4. *Kasus Dana CSR* : Kasus ini melibatkan Ahok Centre yang dipimpin dan dikelola Ahok bersama tim sukses. Dana CSR diperoleh dari puluhan perusahaan bernilai ratusan miliar Rp, namun tidak dimasukkan dalam APBD DKI Jakarta. Pengelolaan dana CSR ini antara lain melanggar UU No.40/2007 tentang PT, PP No.47/2012 tentang TJSL, Pemern BUMN N0.5/2007 tentang Kemitraan BUMN, PP No.58/2005 tentang Pengelolaan Keuangan Daerah, dan UU No.17/2003 tentang Keuangan Negara.
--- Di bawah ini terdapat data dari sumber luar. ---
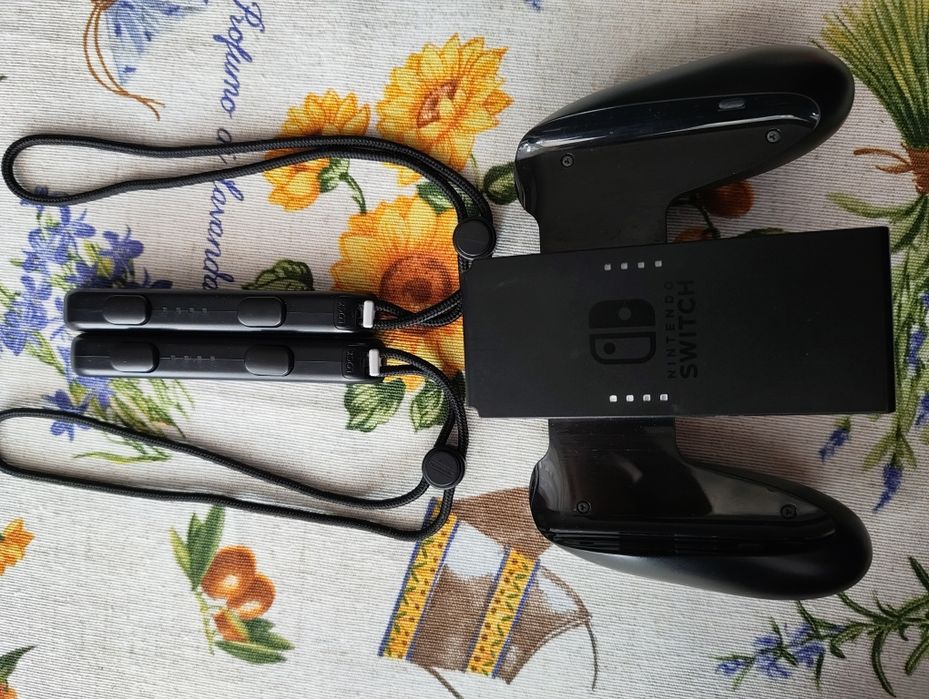Nintendo Switch puțin utilizat+joc super Mario  Odyssey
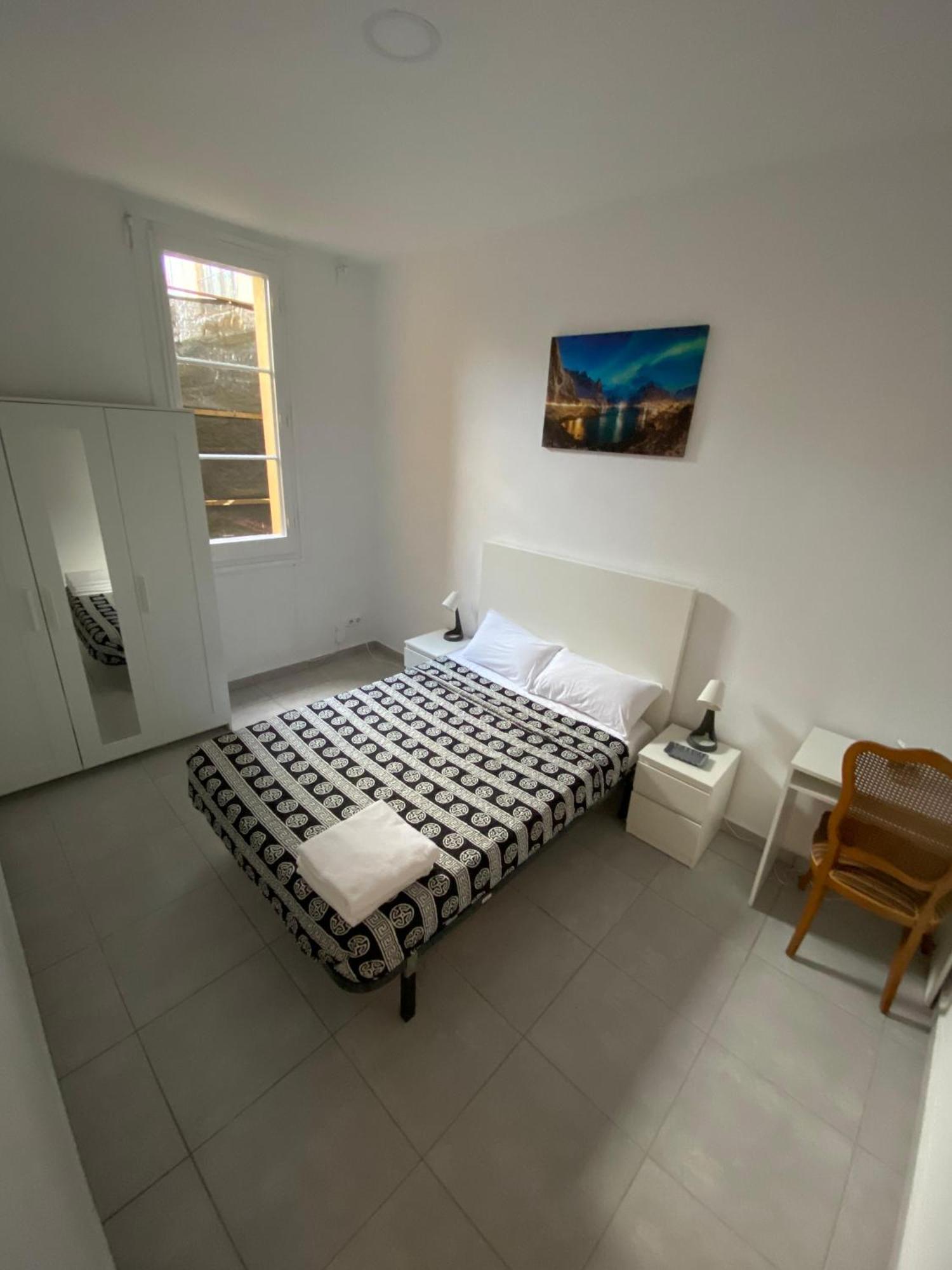 Habitacion Para Tu Estadia Corta En Bcn Apartment Barcelona Exterior photo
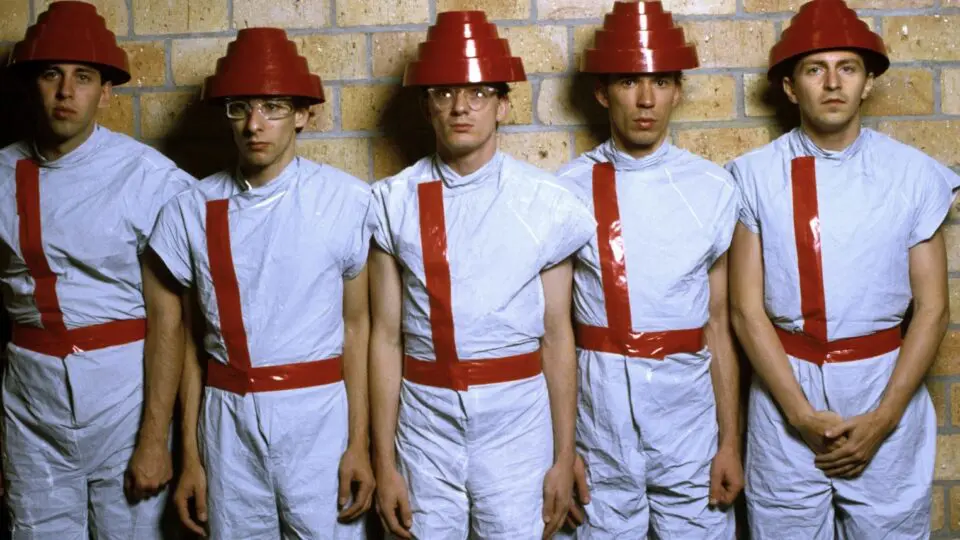 A banda new wave Devo com seus trajes e chapéus peculiares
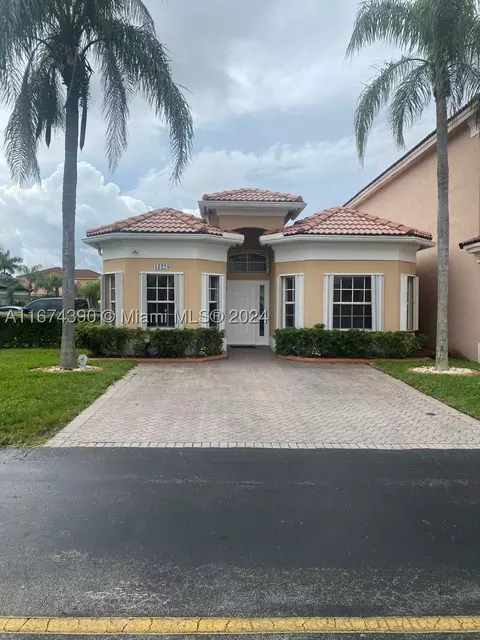 16220 SW 101st Ter, Miami, FL 33196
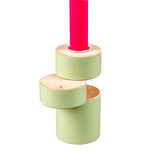 Detailaufnahme der Esche-Holzmaserung und umweltfreundlichen Lackierung Mint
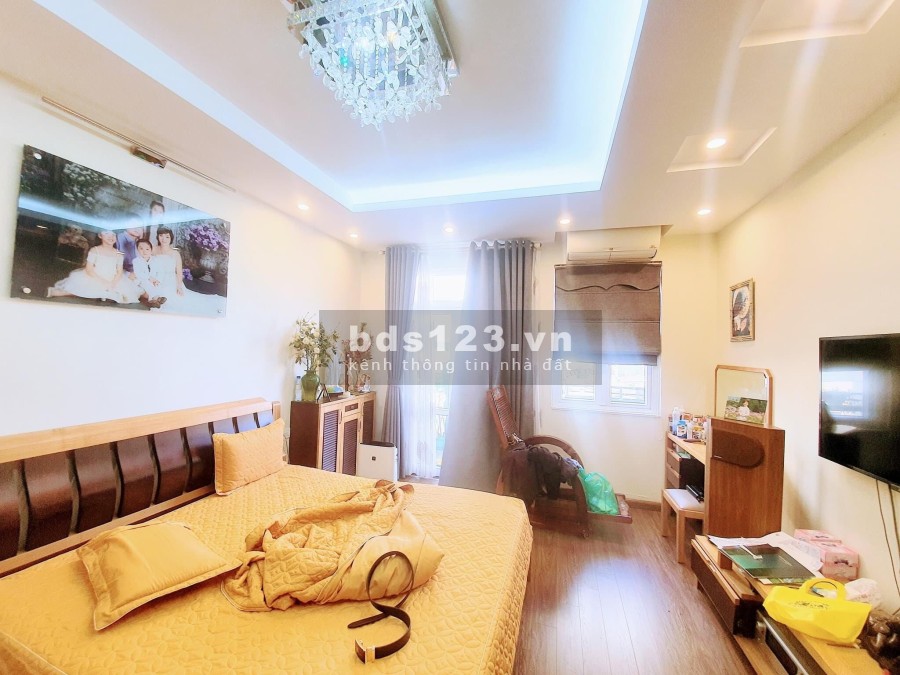 Bán Nhà đẹp Cao Lỗ, Đông Anh, 51m-giá nhỉnh 4.3 tỷ gõ thông, vài bước chân tới chợ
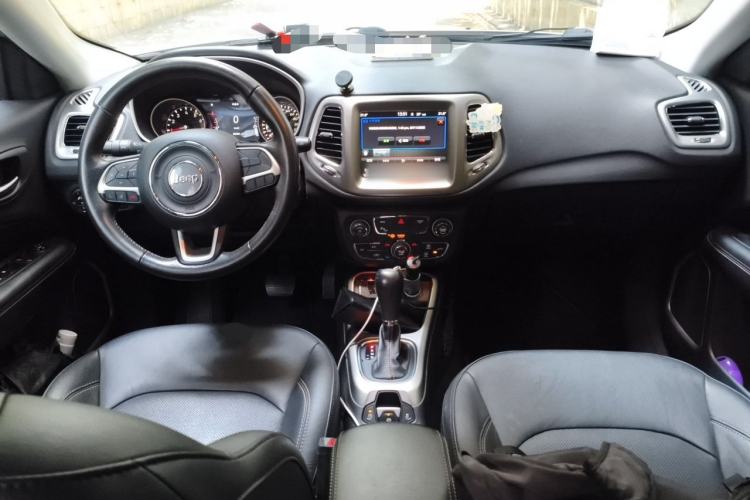 Used Jeep Compass 2017 200T Automatic Family Edition Center Console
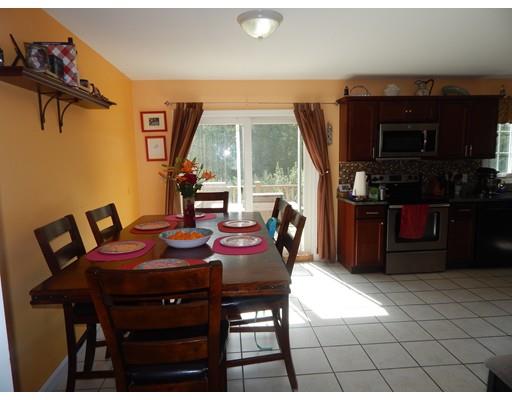 9 Heritage Ct, Fall River, MA 02721 photo 4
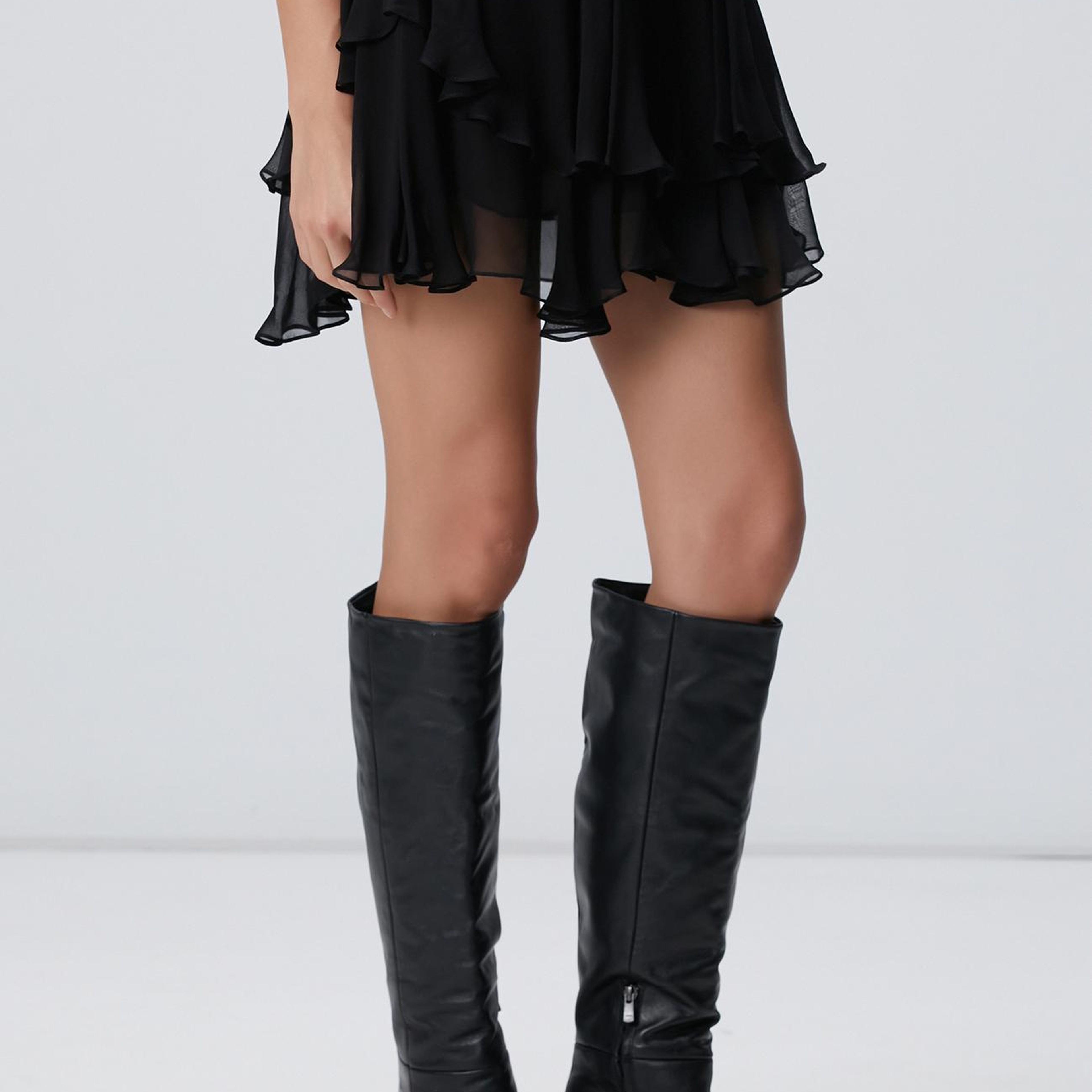 Network Kadın Siyah Şifon Volanlı Mini Etek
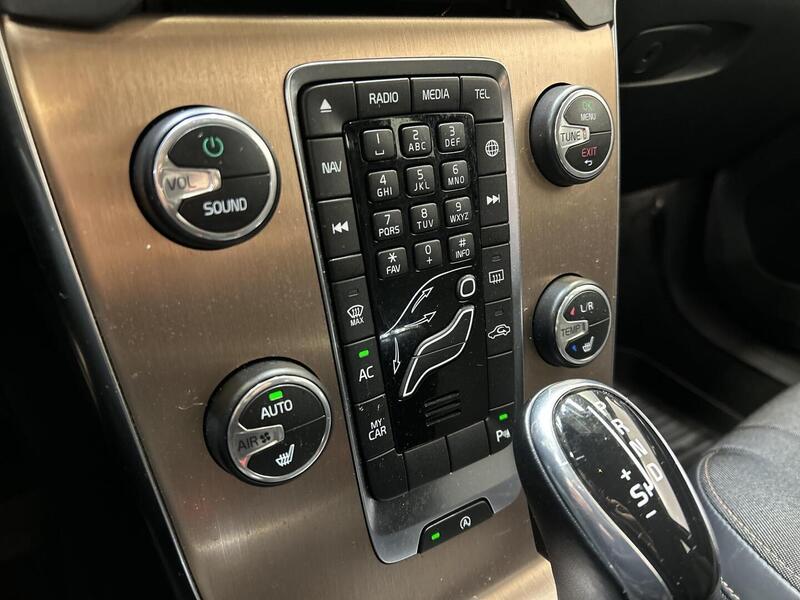 Volvo V40 Cross Country vaihtoauto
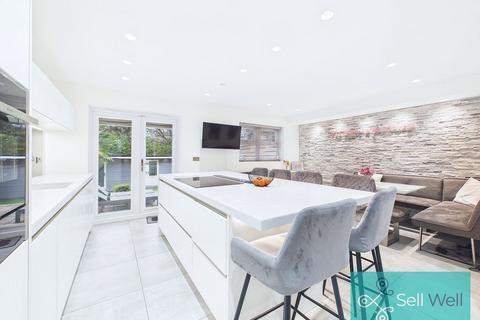 4 bedroom semi-detached house for sale, The Coppice, MANCHESTER M28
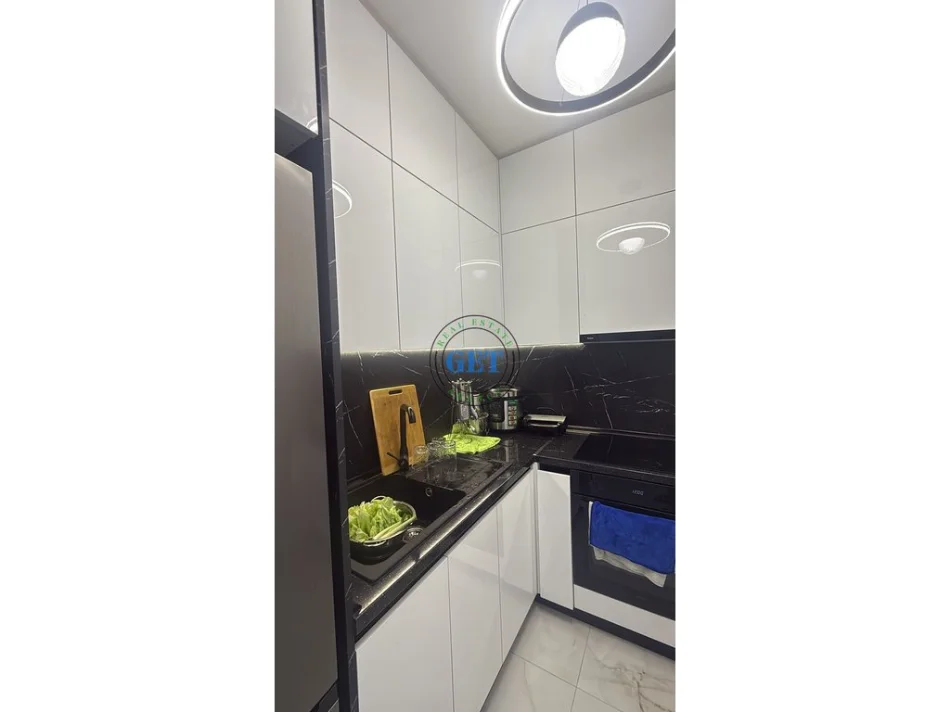 Albania, for Sale 1+1 Apartment, 5th Floor, 62 m², €95,000 (Golem)
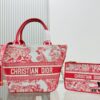 6930a84c6e68136f4d9ac6f0 Dior Market Tote Bag with Shoulder Strap and Mini Pouch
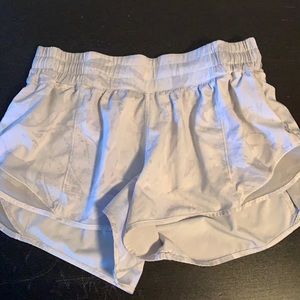 White lulu lemon shorts !!!!!NO LINER!!!!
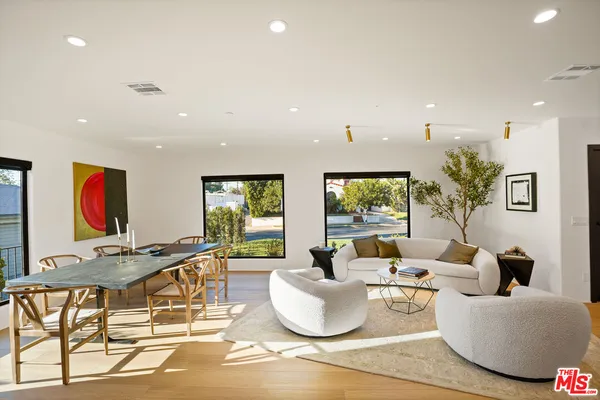 $1,795,000 | 11642 Hartsook Street, Valley Village, CA 91601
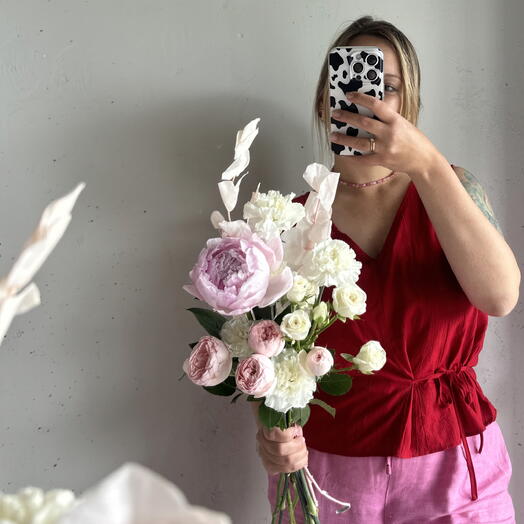 Мини букет - комплимент с пионом, кустовой розой и диантусами 🌸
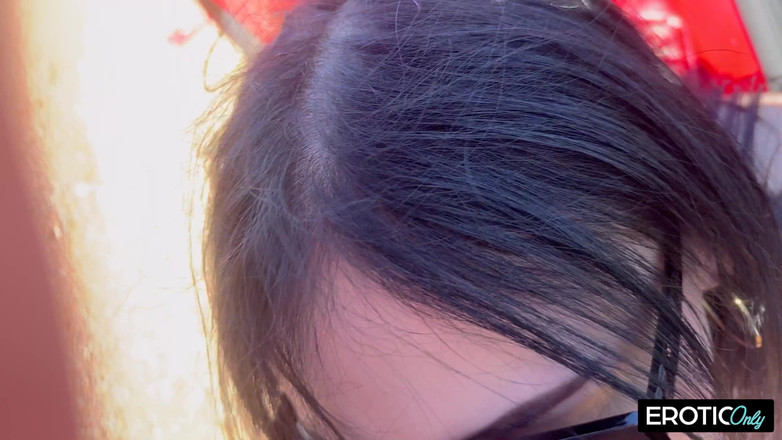 EroticOnlyClips: Bitch Hunter Gets Pounded by a Horny MILF Slut - Total...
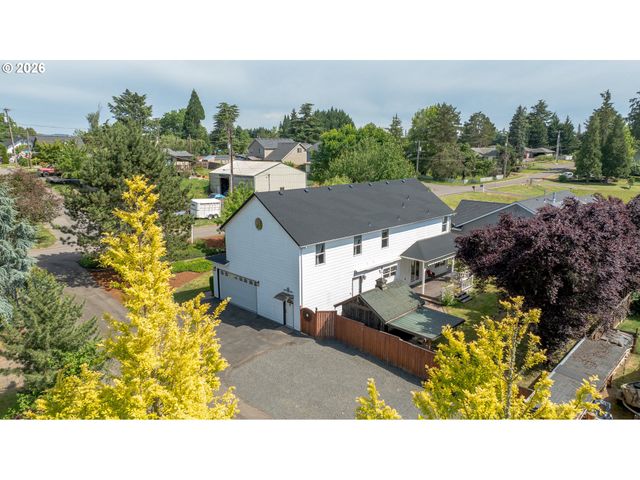 721 S PARK St, Carlton, OR 97111
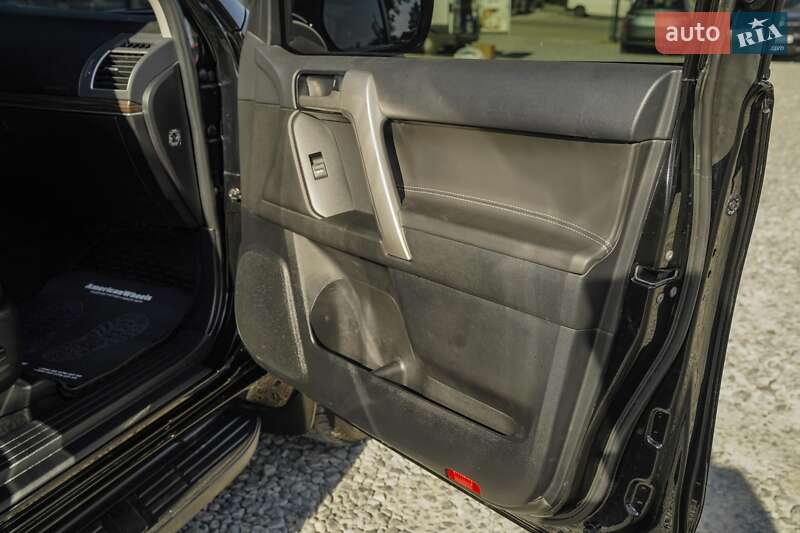 Внедорожник / Кроссовер Toyota Land Cruiser Prado 2020 в Черновцах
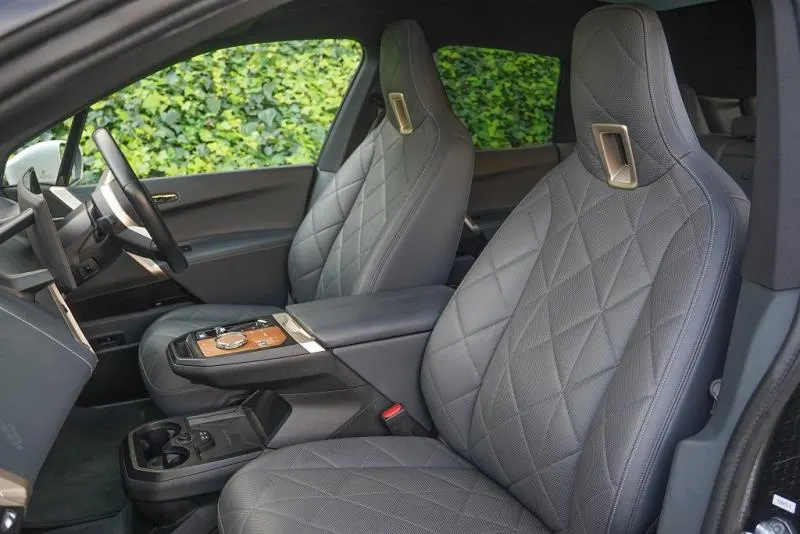 2022 BMW iX xDrive40 Launch Edition (76.6kWh) — photo 11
5. *Kasus Reklamasi Teluk Jakarta:* melibatkan Ahok sebagai salah satu pelaku utama yang melanggar Pasal 12 UU No.20/2001 tentang Tipikor; Pasal 22 UU No.32/2009 tentang Pengelolaan Lingkungan Hidup; melanggar UU No.1/2014 berupa perubahan atas UU No.27/2007 tentang Pengelolaan Wilayah Pesisir; PP No.26/2008 tentang Rencana Tata Ruang Wilayah Nasional;  Kepres No. 52/1995 tentang Reklamasi Pantai Utara Jakarta telah dicabut melalui PP No. 54/2008; melanggar UU No.2/2012 tentang Pengadaan Tanah bagi Pembangunan untuk Kepentingan Umum. Ketua KPK Agus Rahardjo mengatakan proyek reklamasi dapat merugikan negara puluhan-ratusan triliun rupiah. Ternyata Agus dan KPK double standard. Meskipun fakta-fakta persidangan terhadap M. Sanusi dan Ariesman Wijaya telah membuktikan keterlibatan Ahok, Sunny dan Aguan, ternyata KPK tidak melanjutkan proses hukum ketiga terduga kruptor tersebut! KPK telah takluk pada tekanan para pendukung Ahok dan oknum-oknum penguasa & taipan.

6. *Kasus Dana*Non Budgeter* :  Praktik dana non-budgeter dilakukan Ahok pada banyak kasus untuk kepentingan pribadi dan kelompok. Dengan dalih memiliki hak diskresi, Ahok membarter pembangunan fasilitas umum dengan penerbitan izin dan penetapan nilai kontribusi proyek reklamasi. Ahok pun menggunakan dana denda pelanggaran proyek properti tertentu guna membangun Simpang Susun Semanggi secara off-budget tanpa keterlibatan DPRD DKI Jakarta. Pembangunan sejumlah sarana di DKI dengan dana non-budgeter ini sering diklaim sebagai langkah inovatif dan keberhasilan Ahok. Namun dibalik klaim dan pencitraan tersebut tersembunyi berbagai tindakan berbau KKN, karena penerapan skema dana non-budgeter melanggar hukum dan prinsip-prinsip good governance. Tindakan serampangan dan sarat KKN ini minimal melanggar ketentuan dalam UU No.17/2003 tentang Keuangan Negara, UU No.1/2004 tentang Perbendaharaan Negara, UU No.30/2014 tentang Administrasi Pemerintahan, dan PP No.58/2005 tentang Pengelolaan Keuangan Daerah.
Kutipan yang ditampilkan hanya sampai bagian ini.